Short descriptive text snippets

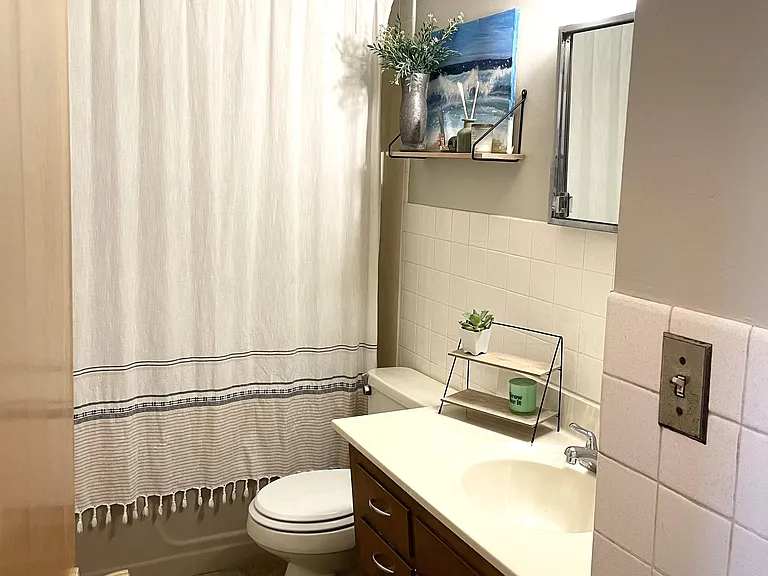 809 W Jackson Blvd #A — Photo 9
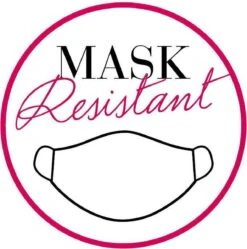 Bourjois Rouge Velvet Lippenstift - 002 Flaming'rose 24 Bourjois Rouge Velvet Lippenstift - 002 Flaming'rose -Cosmeticawinkel 1191x1200 9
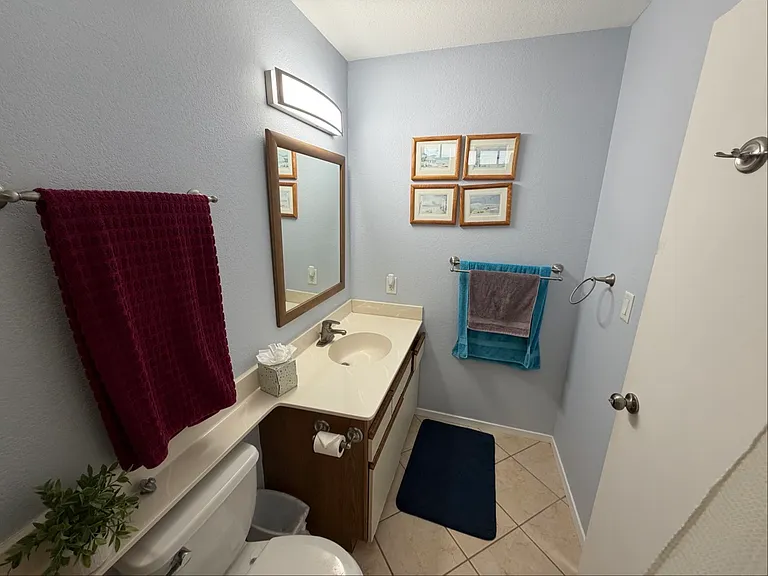68-3890 Lua Kula St #1106 — Photo 6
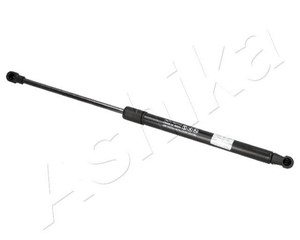 Gasfjäder, bagageutrymme, SMART ROADSTER, Q0009235V004000000, Q0009235V005000000, Q0009235V006000000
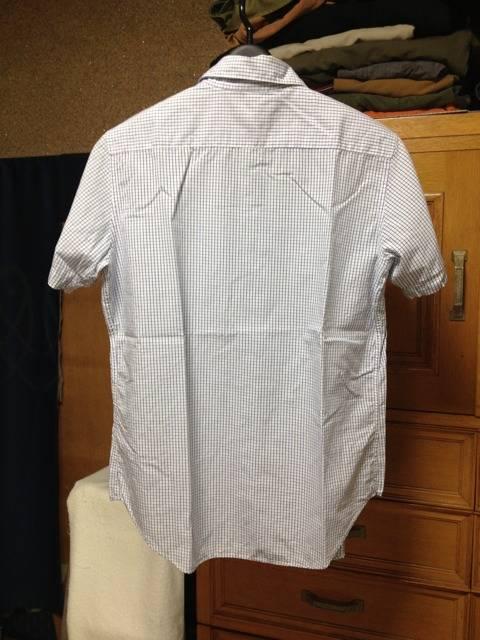 Ǖi  Vc STCY F~F MK`FbN Ò [Yh  uh 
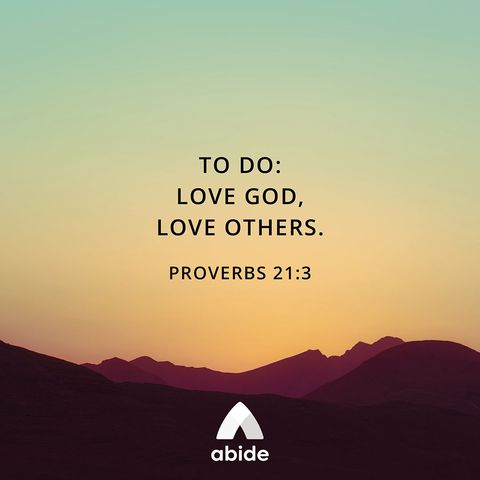 Do What Is Right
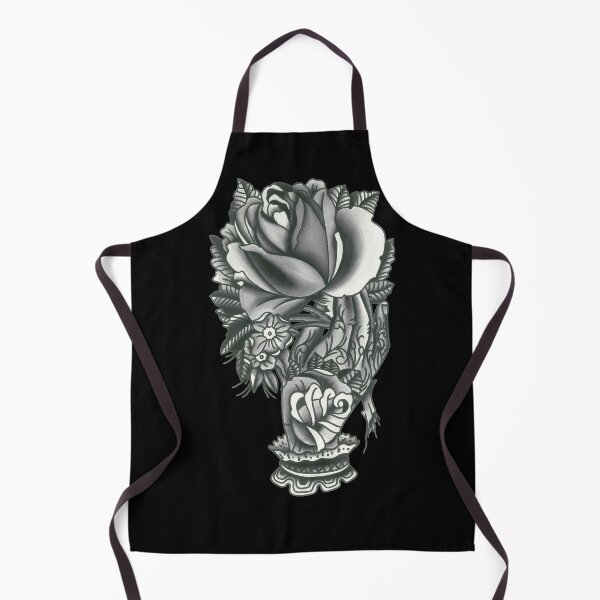 Item preview, A Rose for your Hand designed and sold by PhilKyleMOHC.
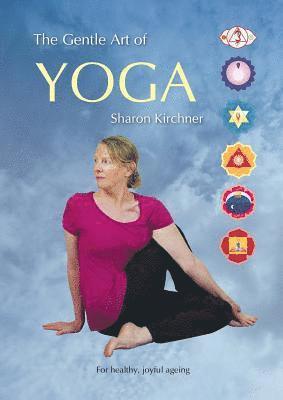 Gentle Art of Yoga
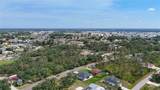 11960 De Leon Drive - Photo 43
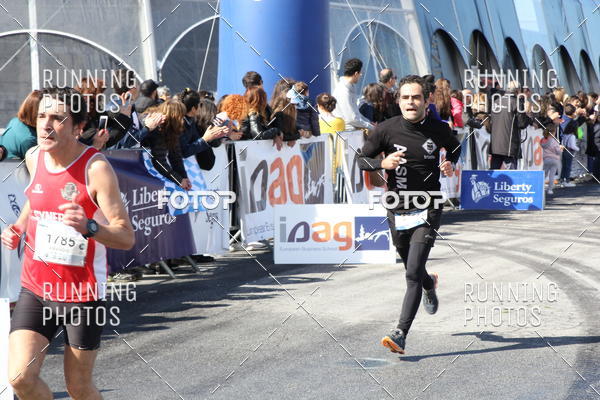 Buy your photos of the eventDia Pai 2018 on Fotop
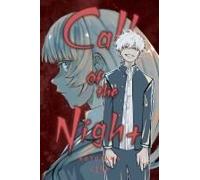 Call Of The Night, Vol. 15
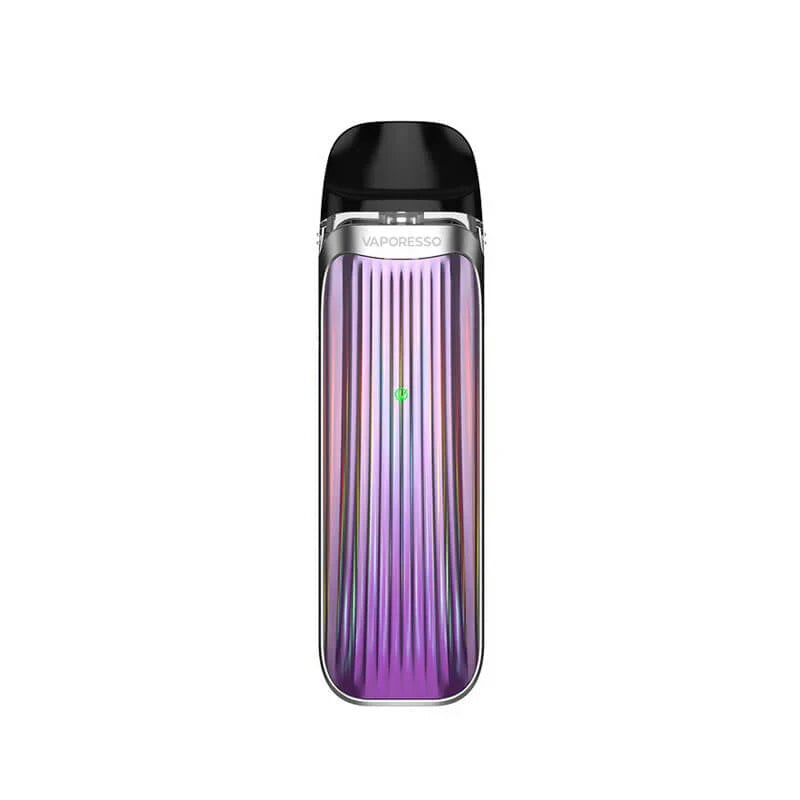 Vaporesso Luxe QS Pod Kit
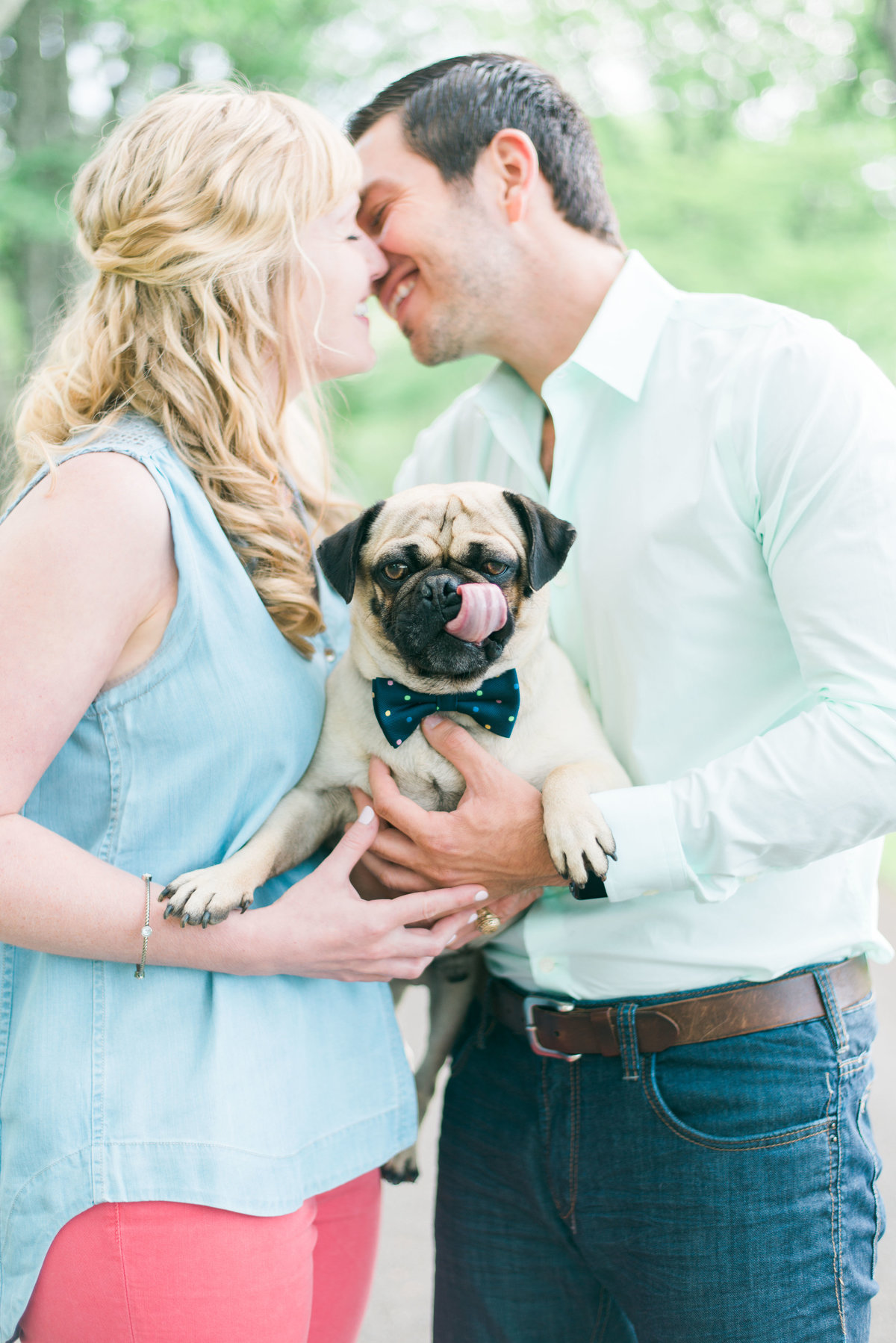 Kathryn&Brian.Engaged_BeccaBPhotography-111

◆ PROMPT: Set the pictures aside and repeat only the lines from the one containing "11960 De Leon Drive - Photo 43" through the last line of the entries above, exactly as they stand.

◆ EXERCISE OUTPUT:
 11960 De Leon Drive - Photo 43
 Buy your photos of the eventDia Pai 2018 on Fotop
 Call Of The Night, Vol. 15
 Vaporesso Luxe QS Pod Kit
 Kathryn&Brian.Engaged_BeccaBPhotography-111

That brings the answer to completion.